Vor einem Jahr ermordert: Norbert Zongo

»Il appartient aux Africains de se débarasser des papas Français qui nous dirigent. Il ya des parentés qu'il vaut mieux ne jamais avoir. Elles insultent la conscience. Quelles injurieuses parentés!« (Zit. nach »le nouvel afrique-asie« n° 114). Starke Worte im Leitartikel der Zeitung »Indépendant«. Zwei Tage später wird ihr Autor, Norbert Zongo (49), auf einer Überlandstraße 100 km südwestlich der Hauptstadt Burkina Fasos, Ouagadougou, als eine von vier Leichen identifiziert, die in einem ansonsten unbeschädigten Geländewagen verbrannt sind. Sein Todestag jährte sich am 13. Dezember. Norbert Zongo war einer der bekanntesten Journalisten des Landes, bekannt für seine freche Kritik an Operettendemokratie, Korruption und Staatsverbrechen. Burkina Faso ist ein kleiner und alles in allem funktionstüchtiger Staat, dessen Bewohner über die Geschehnisse im tausende von Kilometern entfernten Kongo-Kinshasa nur den Kopf schütteln können. Mehr als zehn Jahre lang hatte man verdrängt, daß der amtierende Präsident Blaise Compaoré durch Putsch und Ermordung seines Vorgängers Thomas Sankara an die Macht gekommen war. Mit dem Tod Zongos, der sich mit der Untersuchung der Ermordung eines kleinen Diebes durch die Leibgarde des Präsidenten in die direkte Nähe Compaorés gewagt hatte, wurde eine ganze Reihe von ungeklärten Todes- und Korruptionsfällen wieder an die Öffentlichkeit geschwemmt. Mehrmals in Folge gelingt es den Bewohnern der großen Städte Burkinas, Ouagadougou, Koudougou, Bobo-Dioulasso eine »ville morte«, eine »tote Stadt«, durchzusetzen, Studentendemonstrationen durchziehen die Hauptstadt. Es scheint, als hätte das Regime bei der Ermordung Zongos die Lage unterschätzt. Die Bevölkerungsproteste, die erst mit der letzten »ville morte« am 12. Juni diesen Jahres in Koudougou, dem Geburtsort Zongos, verebben, haben studentischen Organisationen wie der Ugeb (Union générale des étudiants burkinabè) eine Stimme verliehen, die ein breites Umdenken der Landespolitik fordern: grundlegende Kritik an den Strukturanpassungsprogrammen der Bretton-Woods-Institutionen, die unverträgliche Einschnitte in Gesundheits- und Bildungspolitik und umfassende Privatisierungsmaßnahmen nachsichziehen.

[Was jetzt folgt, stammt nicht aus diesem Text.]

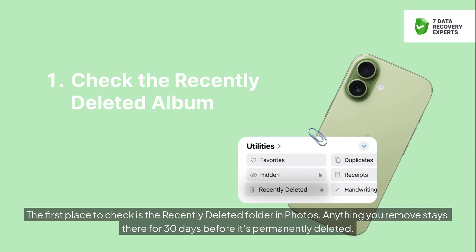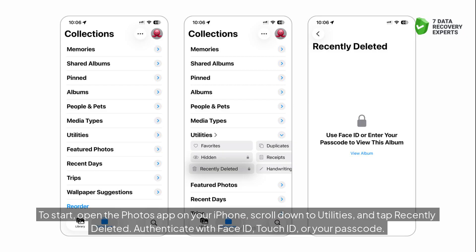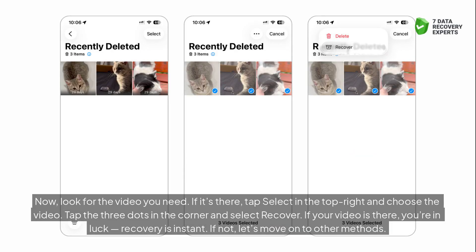The first place to check is the Recently Deleted folder in Photos. Anything you remove stays there for 30 days before it's permanently deleted. Open the Photos app, scroll down to Utilities, and tap Recently Deleted. Authenticate with Face ID, Touch ID, or your passcode. Look for the video you need. If it's there, tap Select in the top right, choose the video, tap the three dots in the corner, and select Recover. If your video is there, recovery is instant.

Norbert Zongo war von mehreren Opfern der Regierung das bekannteste, sein Tod hat der Präsidentenclique das zuvor zugebilligte Vertrauen der Bevölkerung zunichte gemacht - die deutschsprachigen Medien haben dies ignoriert. (mt)


Streitblatt - webmaster@streitblatt.de - Letzte Änderung: 11. Maerz 2000.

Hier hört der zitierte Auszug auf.